Exercise brief:
The answer must be an exact copy of the lines from the one with "Discover I Love" through the final line below, with no pictures and nothing else.

Records from a data source:
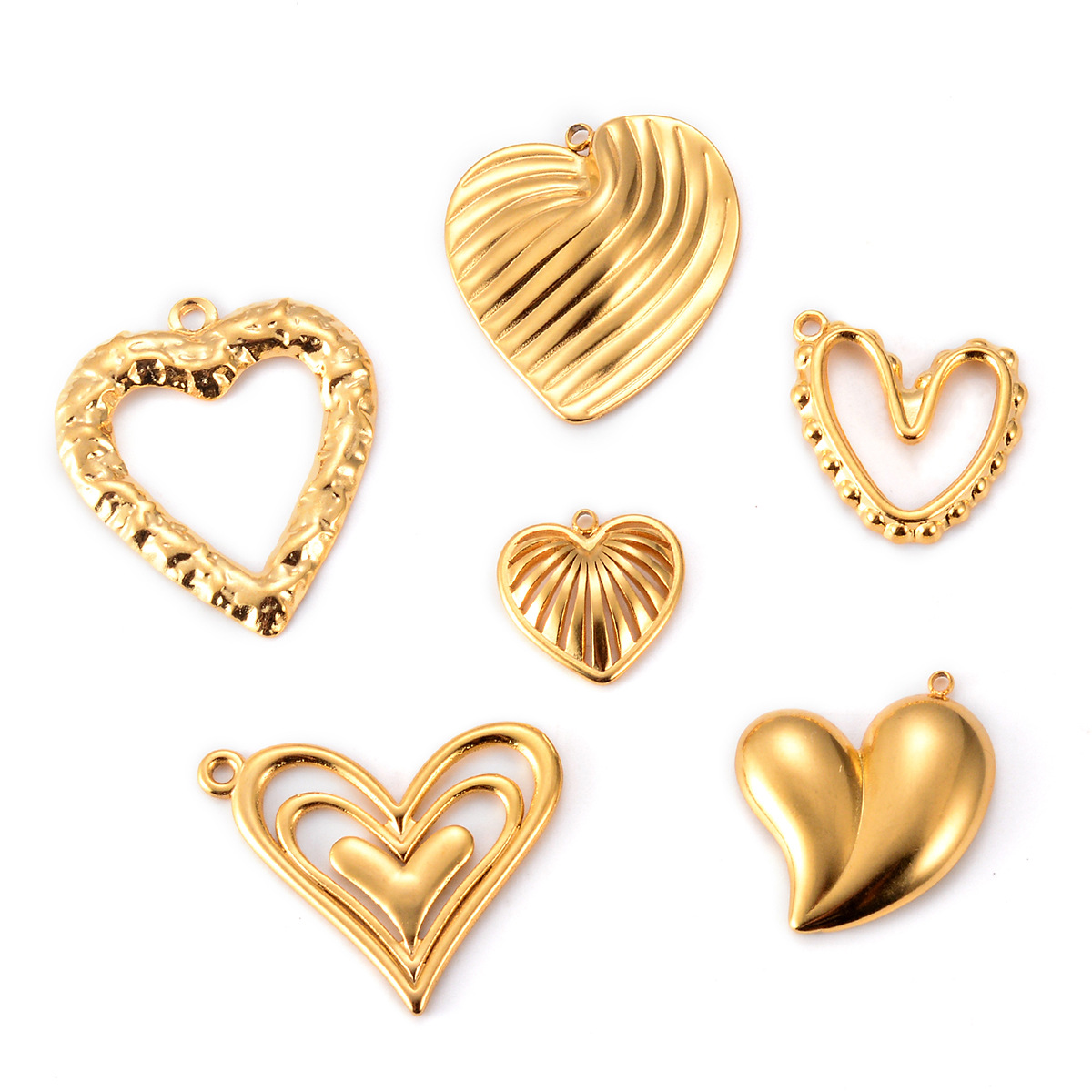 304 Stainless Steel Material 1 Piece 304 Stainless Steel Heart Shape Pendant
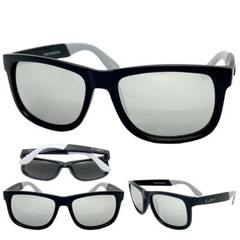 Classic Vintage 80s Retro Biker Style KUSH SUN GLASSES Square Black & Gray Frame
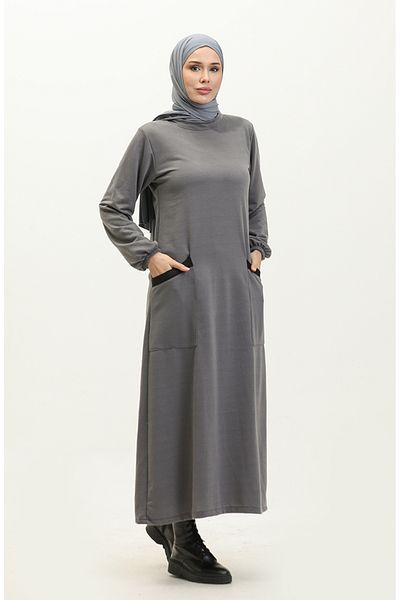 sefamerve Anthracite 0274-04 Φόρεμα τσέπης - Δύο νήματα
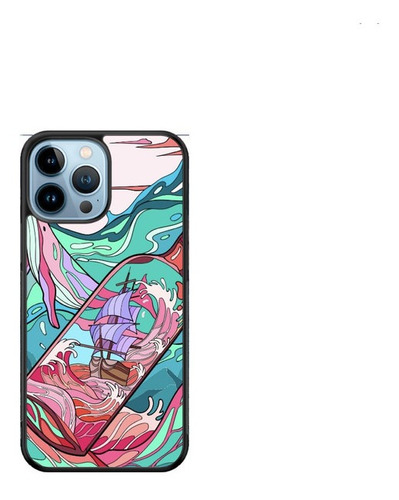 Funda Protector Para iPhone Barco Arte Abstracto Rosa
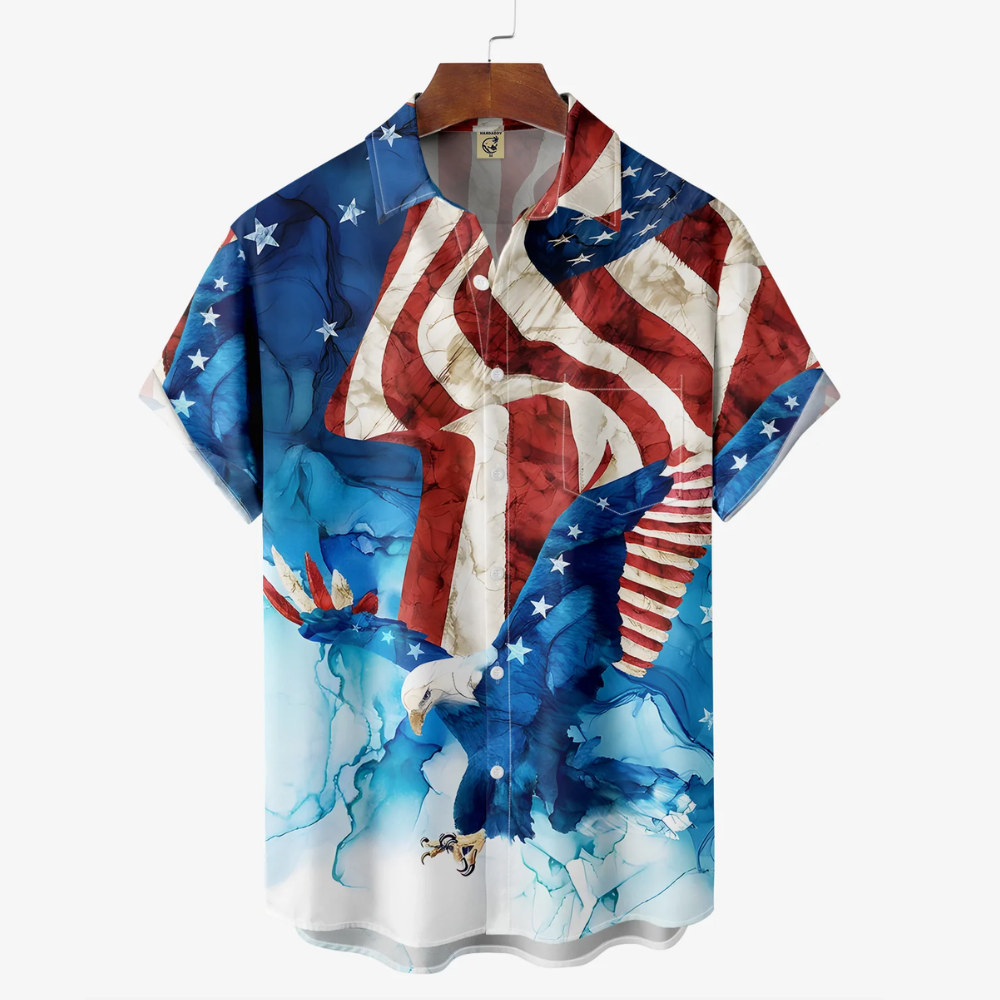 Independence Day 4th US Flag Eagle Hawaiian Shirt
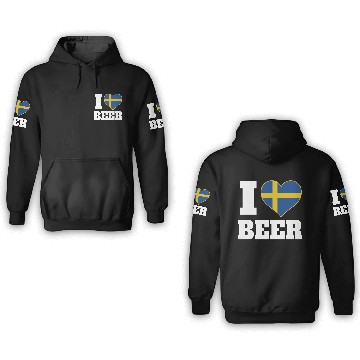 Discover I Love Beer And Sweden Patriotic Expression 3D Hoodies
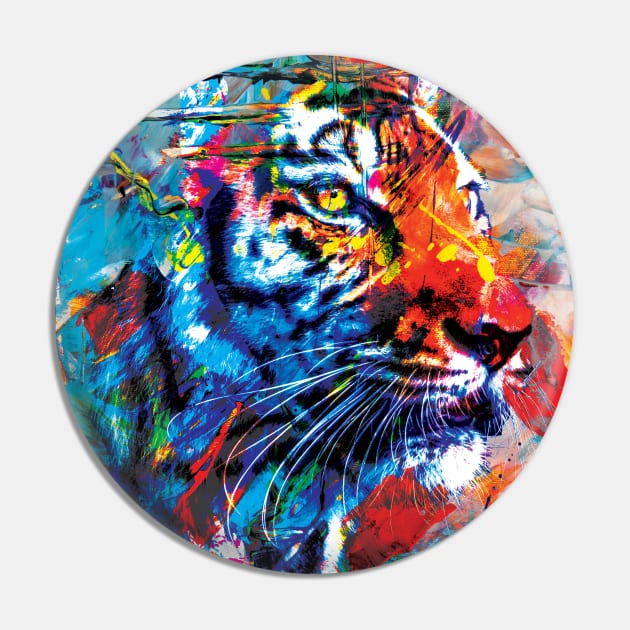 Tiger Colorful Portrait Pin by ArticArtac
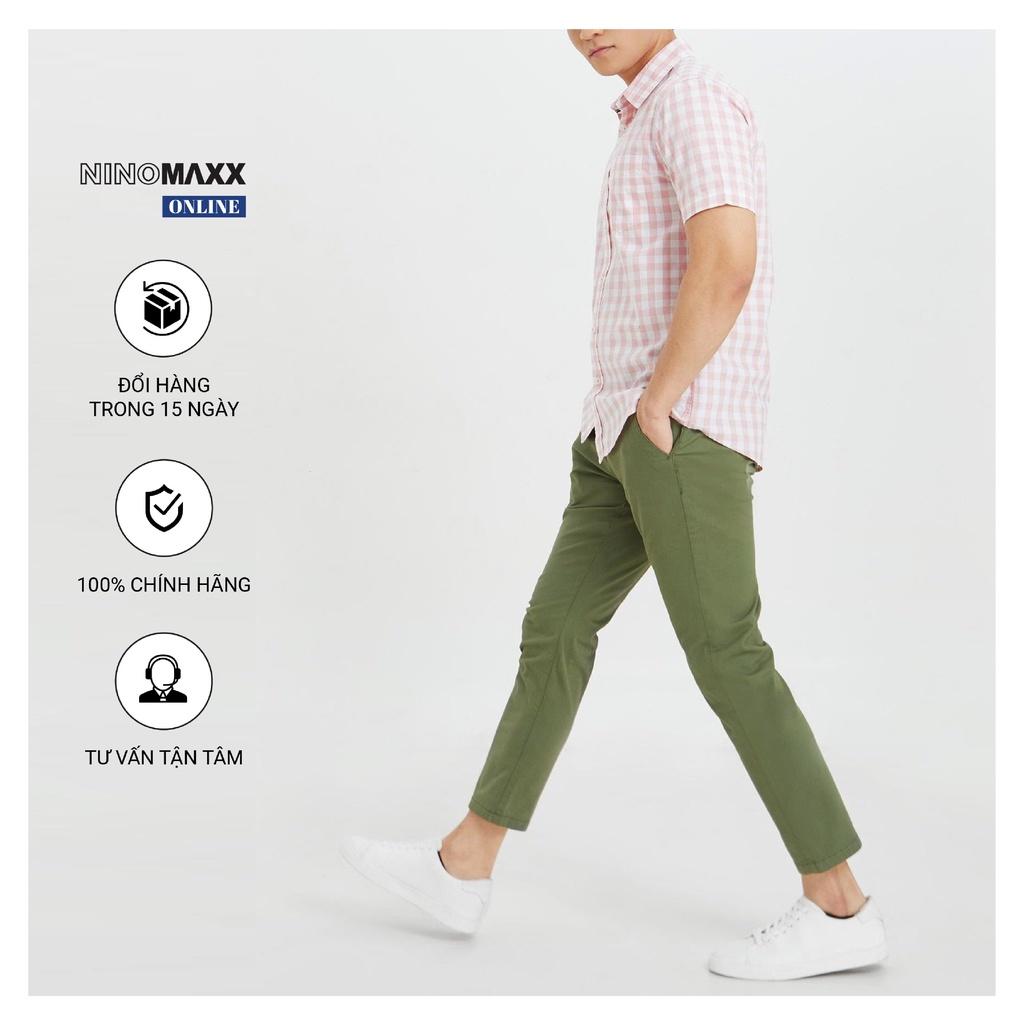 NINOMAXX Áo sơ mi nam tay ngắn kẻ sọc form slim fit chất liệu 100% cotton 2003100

Completed exercise:
 Discover I Love Beer And Sweden Patriotic Expression 3D Hoodies
 Tiger Colorful Portrait Pin by ArticArtac
 NINOMAXX Áo sơ mi nam tay ngắn kẻ sọc form slim fit chất liệu 100% cotton 2003100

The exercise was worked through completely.